Secretary General Javier Perez de Cuellar announced today that he would visit South Africa next week to try to resolve the outstanding issues blocking independence for the territory of Namibia, or South-West Africa.

But U.N. and South African officials conceded that the talks would not even touch on the major obstacle to an agreement: South Africa's insistence that the Namibian independence be tied to withdrawal of Cuban troops from neighboring Angola. Angola has insisted that the Cuban troops are necessary to maintain its security against rebels.

Instead, the objective of the secretary general and the African nations that urged him to undertake the talks is to tie up the other loose ends--the composition of the U.N. force that would keep the peace in Namibia during a transitional period and the voting method to be used in electing a government for the territory.

These are minor details, but the Africans and many Western diplomats fear that if they remain unresolved, South Africa would use them as an excuse for a further delay to Namibian independence even if an agreement is reached on the Cuban troops.

South African officials welcomed the talks with Perez de Cuellar--which would be the first visit there by a secretary general since Kurt Waldheim was in South Africa in 1972--as a symbol of the country's international legitimacy.

He is to arrive in Cape Town Monday and is expected to meet with Foreign Minister Pik Botha and Prime Minister Pieter W. Botha, who are not related. After three days of talks, Perez de Cuellar is to visit Namibia and meet with the South African administrator of the territory, Willie van Niekerk, who would share responsibility with him during the transition period under the arrangements already agreed upon.

Before leaving Africa on Aug. 28, the secretary general is scheduled to visit Angola for talks with government officials and leaders of the South-West African People's Organization (SWAPO), the Namibian liberation movement that has been fighting a 17-year war against South Africa for control.

Although South African officials maintained that all issues are open for discussion and no agreement is precluded, they indicated their reluctance to come to final terms on the details of the Namibian transition until after the Cuban troop presence in Angola is resolved.

One of the two issues to be discussed--the composition of the U.N. force--has been narrowed to a South African objection to the inclusion of a Finnish contingent because, the South Africans believe, the Finns are too subservient to Moscow.

The other is a decision that South Africa must make on whether voting for a Namibian government is to be by constituencies or by proportional representation. South African officials maintain that a decision either way would alienate friendly factions inside Namibia, so they see no need to create such friction until it is clear that the Cuban issue will be resolved.

But one of the secretary general's advisers said the real motive for delay is tactical.

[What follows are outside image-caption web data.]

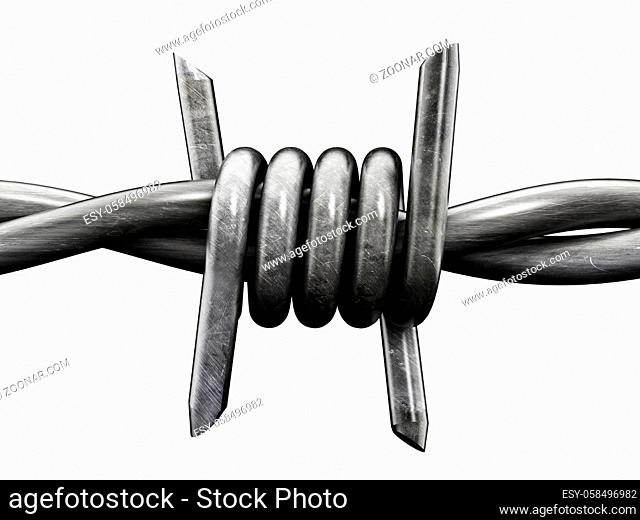 Barbed wire isolated on white background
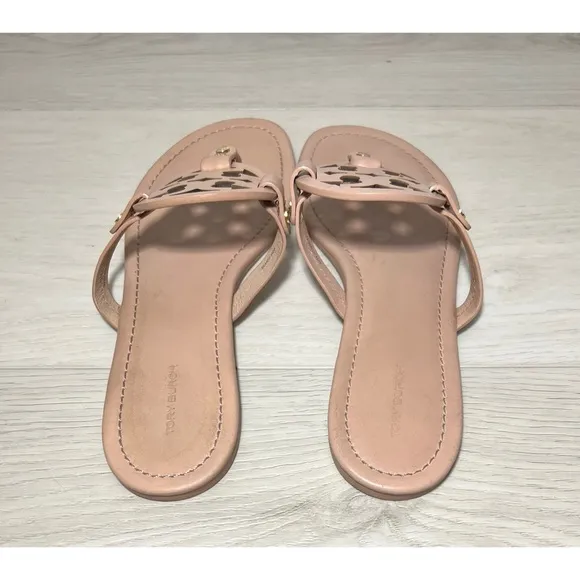 Tory Burch Miller Light Makeup Leather Sandals Size 10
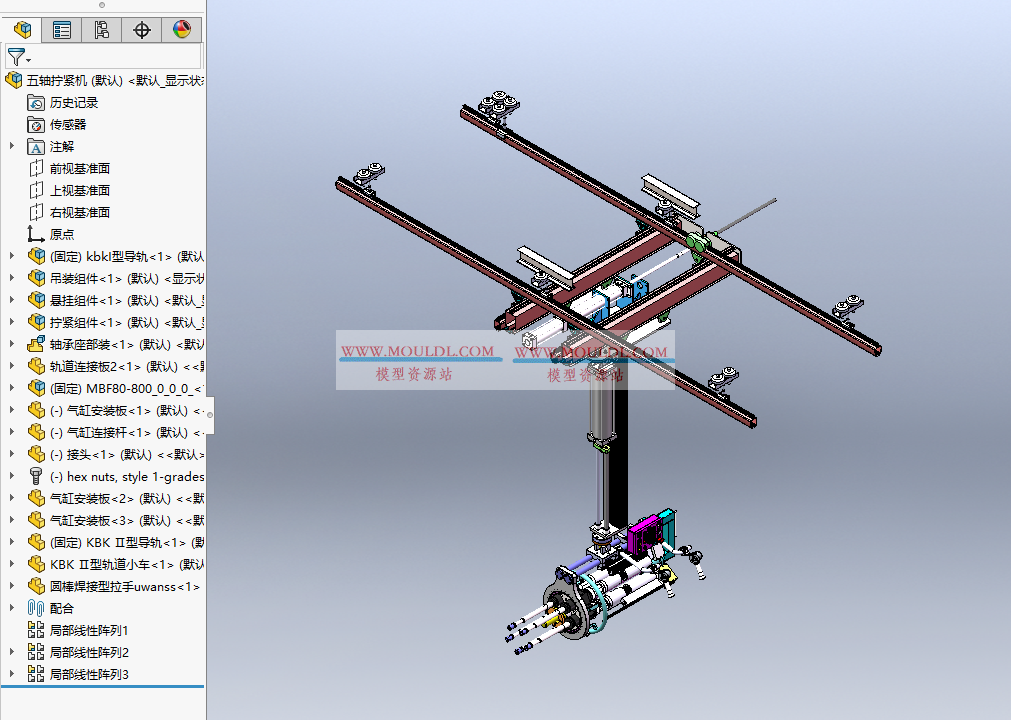 五轴螺栓拧紧机3D模型, 五轴同步螺栓锁付设备 CAD图纸下载（含扭矩+角度控制） 3D模型下载 - MOULDL模型库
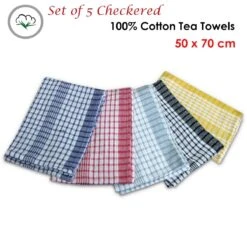 Hotel Living Checkered Set Of 5 Cotton Tea Towels -Home Luxe Store hotel living checkered set of 5 cotton tea towels home garden kitchenware bedzy australia 384170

It was this expectation of failure that caused several key advisers to urge Perez de Cuellar privately not to make the trip. In the end, he said, he wanted to "exhaust all avenues of negotiation" so no one could say he had not tried his utmost.

U.N. officials also were cautious because they feared a failure would damage the secretary general's own reputation, and thus his capacity to mediate other international disputes. One official conceded that both Perez de Cuellar and the United Nations "badly need a success, any success, at this moment."

The decision to hold the talks follows a May Security Council resolution that mandated him to consult the parties to the proposed cease-fire in Namibia.

During the past week, pressure on Angola has been increased by an escalation of military activities by an antigovernment insurgent force, the National Union for the Total Independence of Angola (commonly known by its Portuguese acronym UNITA), which has been backed by South Africa. The rebels have been fighting to overthrow Angola's Marxist government since independence from Portugal in 1975.